Complex machine learning models, such as deep neural networks, have recently achieved outstanding predictive performance in a wide range of applications, including visual object recognition, speech perception, language modeling, and information retrieval. There has since been an explosion of interest in interpreting the representations learned and decisions made by these models, with profound implications for research into explainable ML, causality, safe AI, social science, automatic scientific discovery, human computer interaction (HCI), crowdsourcing, machine teaching, and AI ethics. This symposium is designed to broadly engage the machine learning community on the intersection of these topics—tying together many threads which are deeply related but often considered in isolation.

For example, we may build a complex model to predict levels of crime.

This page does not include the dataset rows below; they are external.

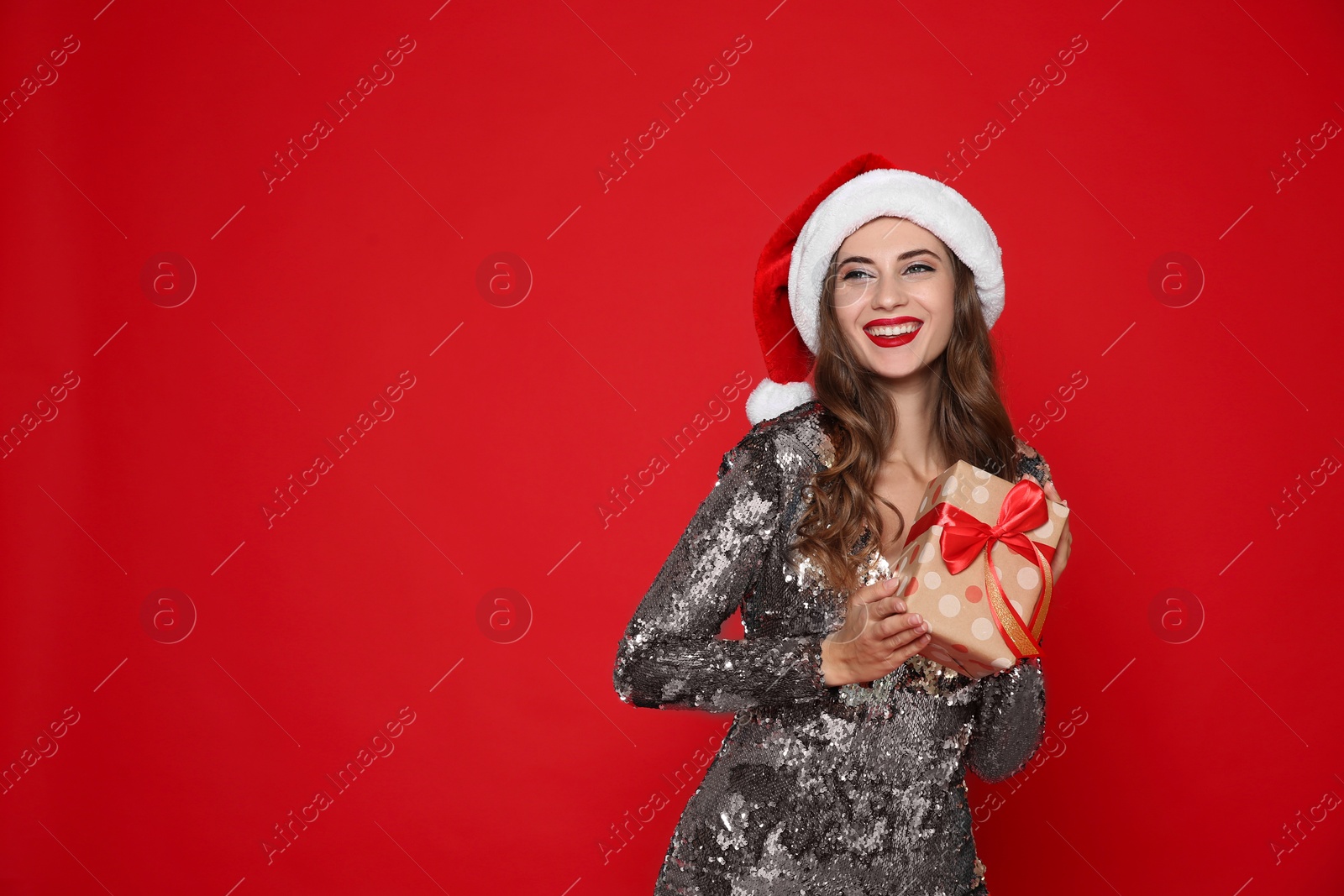 Photo of Happy woman in Santa hat with gift box on red background, space for text. Christmas party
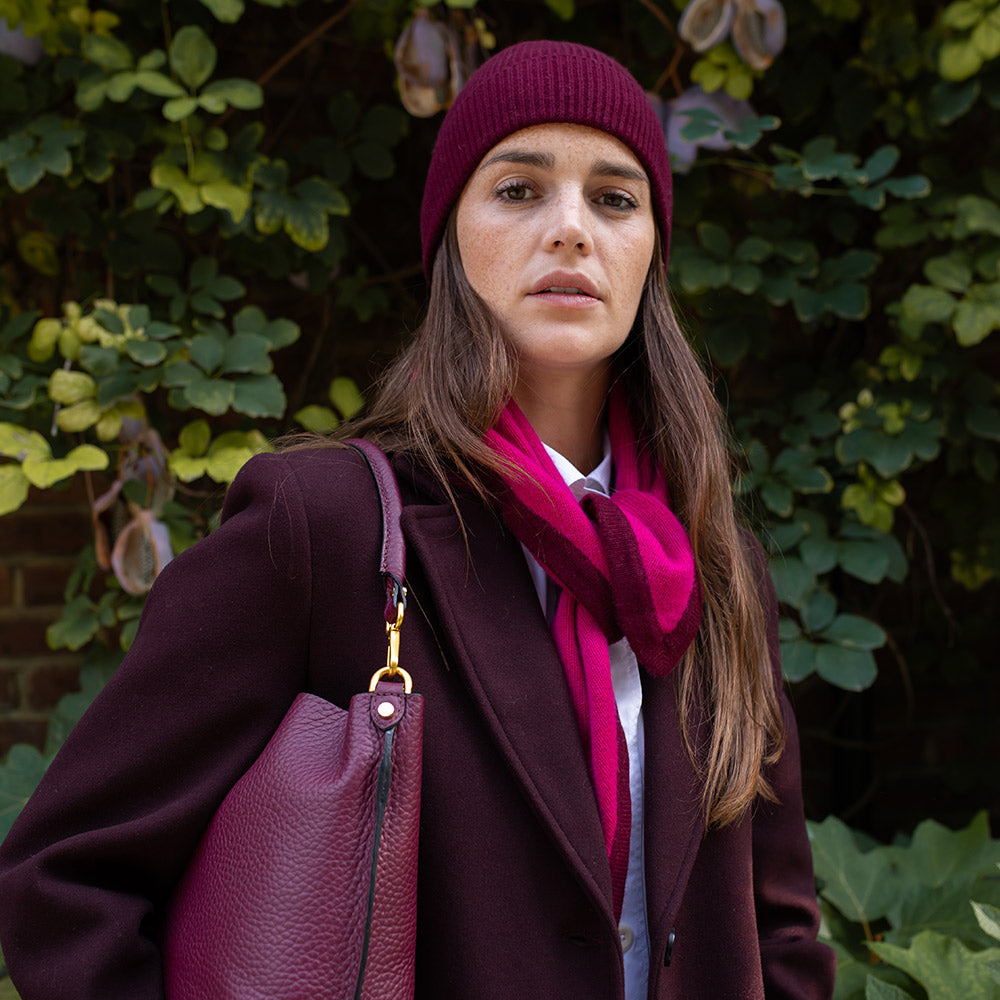 Woman wearing a purple coat, hat, and scarf standing against a green leafy background
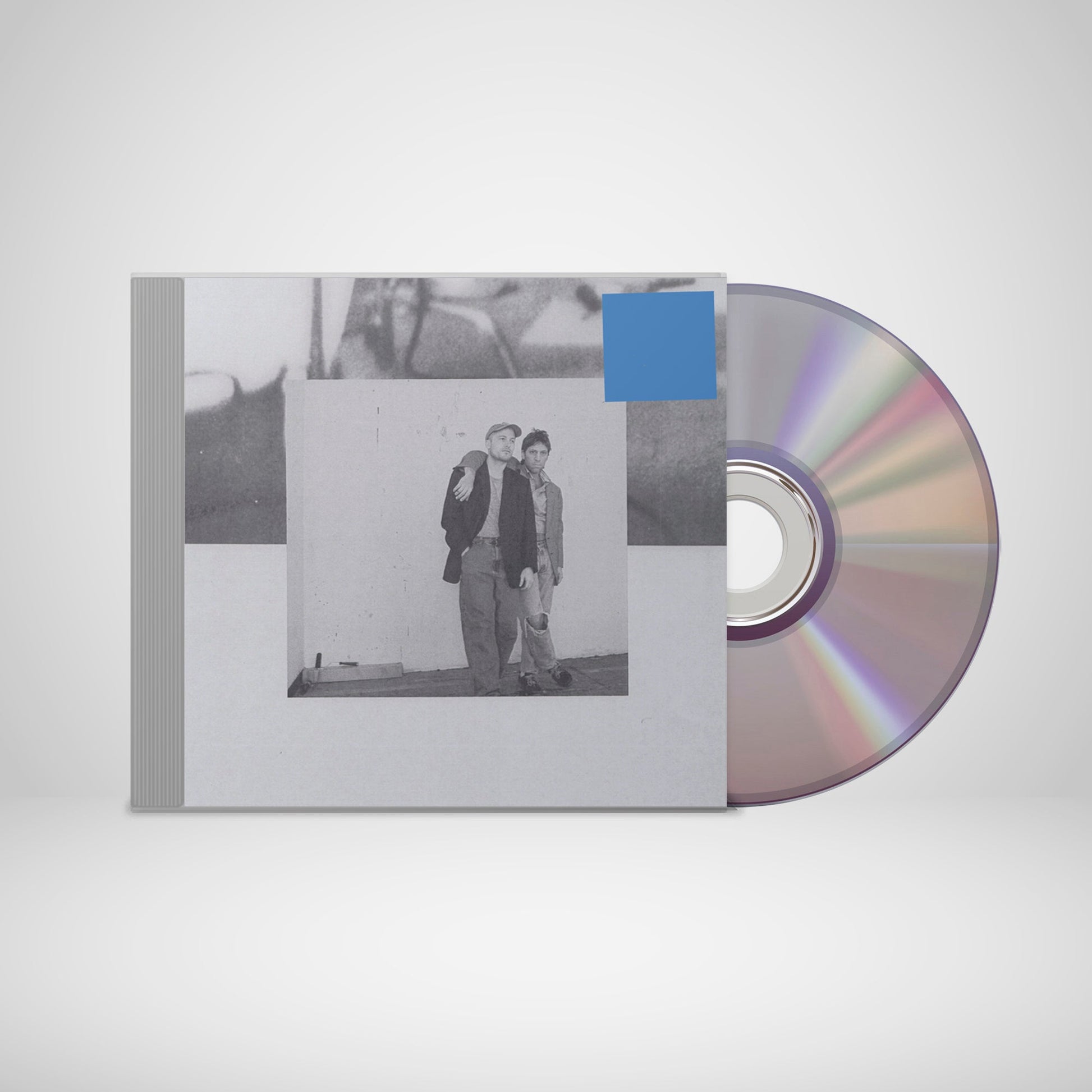 CD case with a black and white photo of two men, rainbow disc.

Predictions on their own produce insights, but by interpreting the learned structure of the model, we can gain more important new insights into the processes driving crime, enabling us to develop more effective public policy. Moreover, if we learn that the model is making good predictions by discovering how the geometry of clusters of crime events affect future activity, we can use this knowledge to design even more successful predictive models. Similarly, if we wish to make AI systems deployed on self-driving cars safe, straightforward black-box models will not suffice, as we will need methods of understanding their rare but costly mistakes.

The symposium will feature invited talks and two panel discussions. One of the panels will have a moderated debate format where arguments are presented on each side of key topics chosen prior to the symposium, with the opportunity to follow-up each argument with questions. This format will encourage an interactive, lively, and rigorous discussion, working towards the shared goal of making intellectual progress on foundational questions. During the symposium, we will also feature the launch of a new Explainability in Machine Learning Challenge, involving the creation of new benchmarks for motivating the development of interpretable learning algorithms.

I’m interested in this topic! It relates to some of the ideas we’ve been talking about regarding Stan and Bayesian workflow.